Which was how Brian came to be sleeping in her bed at nine-thirty the next morning when her doorbell rang.

She was still full of the alcohol that had fueled completion of the picture of weirdness and moral chaos that her life seemed bent on being. Beneath her soddenness, though, an agreeable fizz of celebrity lingered from the night before. It was stronger than anything she felt for Brian.

The doorbell rang again. She got up and put on a maroon silk robe and looked out the window. Robin Passafaro was standing on the stoop. Brian’s Volvo was parked across the street.

Denise considered not answering the door, but Robin wouldn’t be looking for her here if she hadn’t already tried the Generator.

“It’s Robin,” she said. “Stay here and be quiet.”
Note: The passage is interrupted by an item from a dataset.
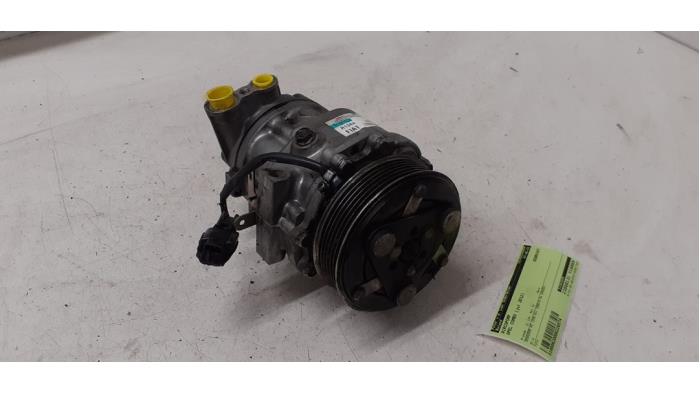 Klimapumpe van een Opel Combo 1.3 CDTI 16V ecoFlex 2012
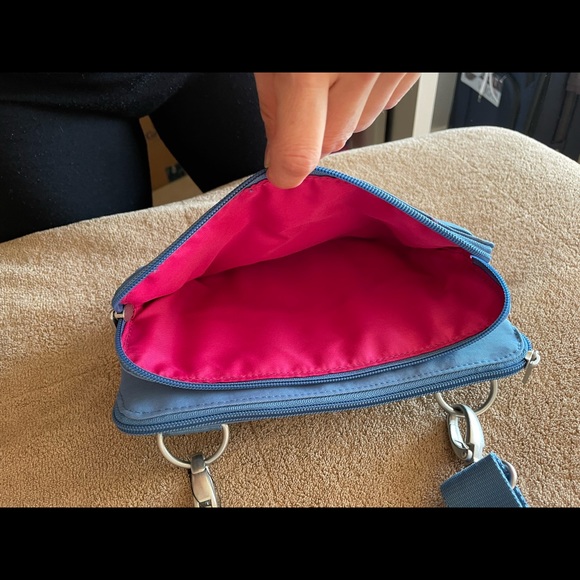 Baggallini Cross Body / Waist Belt - Picture 5 of 9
Brian in the morning light still wore his pissed-off expression of the night before. “I don’t care if she knows I’m here.”

“Yeah, but I do.”

“Well, my car’s right across the street.”

“I’m aware of that.”

She, too, felt strangely pissed off with Robin. All summer, betraying Brian, she’d never felt anything like the contempt she felt for his wife as she descended the stairs now. Annoying Robin, stubborn Robin, screeching Robin, hooting Robin, styleless Robin, clueless Robin.

And yet, the moment she opened the door, her body recognized what it wanted. It wanted Brian on the street and Robin in her bed.